I imported this model with eland:
eland_import_hub_model --url http://localhost:9203 --hub-model-id sentence-transformers/distilbert-base-nli-stsb-mean-tokens --task-type text_embedding --start
And then it says Model successfully imported.
When I call
GET _ml/trained_models/_stats
I get this response:
{
"count" : 2,
"trained_model_stats" : [
...
{
"model_id" : "sentence-transformers__distilbert-base-nli-stsb-mean-tokens",
"model_size_stats" : {
"model_size_bytes" : 265707040,
"required_native_memory_bytes" : 783072320
},
"pipeline_count" : 0,
"deployment_stats" : {
"model_id" : "sentence-transformers__distilbert-base-nli-stsb-mean-tokens",
"inference_threads" : 1,
"model_threads" : 1,
"queue_capacity" : 1024,
"state" : "starting",
"allocation_status" : {
"allocation_count" : 0,
"target_allocation_count" : 1,
"state" : "starting"
},
"start_time" : 1656522931226,
"peak_throughput_per_minute" : 0,
"nodes" : [
{
"node" : {
"1IIIL5CQS9W6SwlB_OWnfg" : {
"name" : "3607b60332b4",
"ephemeral_id" : "-f74YlcRTg6-Exu-J0f4vQ",
"transport_address" : "172.23.0.2:9300",
"attributes" : {
"ml.max_jvm_size" : "1073741824",
"xpack.installed" : "true",
"ml.machine_memory" : "8346603520"
},
"roles" : [
"data",
"data_cold",
"data_content",
"data_frozen",
"data_hot",
"data_warm",
"ingest",
"master",
"ml",
"remote_cluster_client",
"transform"
]
}
},
"routing_state" : {
"routing_state" : "failed",
"reason" : "inference process crashed due to reason [[sentence-transformers__distilbert-base-nli-stsb-mean-tokens] pytorch_inference/4323 process stopped unexpectedly: ]"
},
"peak_throughput_per_minute" : 0,
"throughput_last_minute" : 0
}
]
}
}
]
}
Any advice on what might cause "inference process crashed due to reason [[sentence-transformers__distilbert-base-nli-stsb-mean-tokens] pytorch_inference/4323 process stopped unexpectedly: "?
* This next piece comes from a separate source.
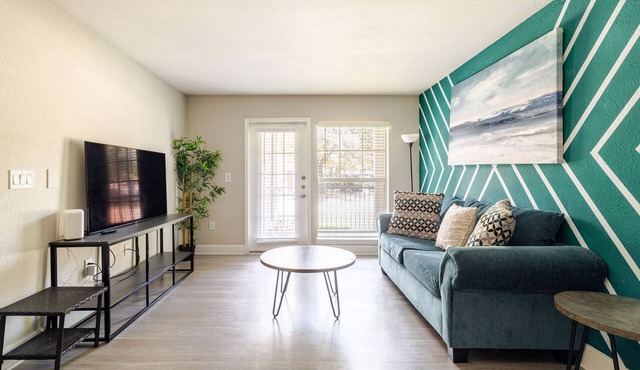 Spacious 2BR facing NRG Center/By Medical Center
Also, found these in the logs in the elasticsearch container:
{"@timestamp":"2022-06-29T17:15:42.454Z", "log.level":"ERROR", "message":"[sentence-transformers__distilbert-base-nli-stsb-mean-tokens] pytorch_inference/4323 process stopped unexpectedly: ", "ecs.version": "1.2.0","service.name":"ES_ECS","event.dataset":"elasticsearch.server","process.thread.name":"elasticsearch[3607b60332b4][ml_job_comms][T#1]","log.logger":"org.elasticsearch.xpack.ml.process.AbstractNativeProcess","elasticsearch.cluster.uuid":"dxO-jitLRySmpPHifUz7ig","elasticsearch.node.id":"1IIIL5CQS9W6SwlB_OWnfg","elasticsearch.node.name":"3607b60332b4","elasticsearch.cluster.name":"docker-cluster"}
{"@timestamp":"2022-06-29T17:15:42.472Z", "log.level":"ERROR", "message":"[sentence-transformers__distilbert-base-nli-stsb-mean-tokens] inference process crashed due to reason [[sentence-transformers__distilbert-base-nli-stsb-mean-tokens] pytorch_inference/4323 process stopped unexpectedly: ]", "ecs.version": "1.2.0","service.name":"ES_ECS","event.dataset":"elasticsearch.server","process.thread.name":"elasticsearch[3607b60332b4][ml_job_comms][T#1]","log.logger":"org.elasticsearch.xpack.ml.inference.deployment.DeploymentManager","elasticsearch.cluster.uuid":"dxO-jitLRySmpPHifUz7ig","elasticsearch.node.id":"1IIIL5CQS9W6SwlB_OWnfg","elasticsearch.node.name":"3607b60332b4","elasticsearch.cluster.name":"docker-cluster"}
{"@timestamp":"2022-06-29T17:15:42.532Z", "log.level":"ERROR", "message":"[controller/304] [CDetachedProcessSpawner.cc@188] Child process with PID 4323 was terminated by signal 9", "ecs.version": "1.2.0","service.name":"ES_ECS","event.dataset":"elasticsearch.server","process.thread.name":"ml-cpp-log-tail-thread","log.logger":"org.elasticsearch.xpack.ml.process.logging.CppLogMessageHandler","elasticsearch.cluster.uuid":"dxO-jitLRySmpPHifUz7ig","elasticsearch.node.id":"1IIIL5CQS9W6SwlB_OWnfg","elasticsearch.node.name":"3607b60332b4","elasticsearch.cluster.name":"docker-cluster"}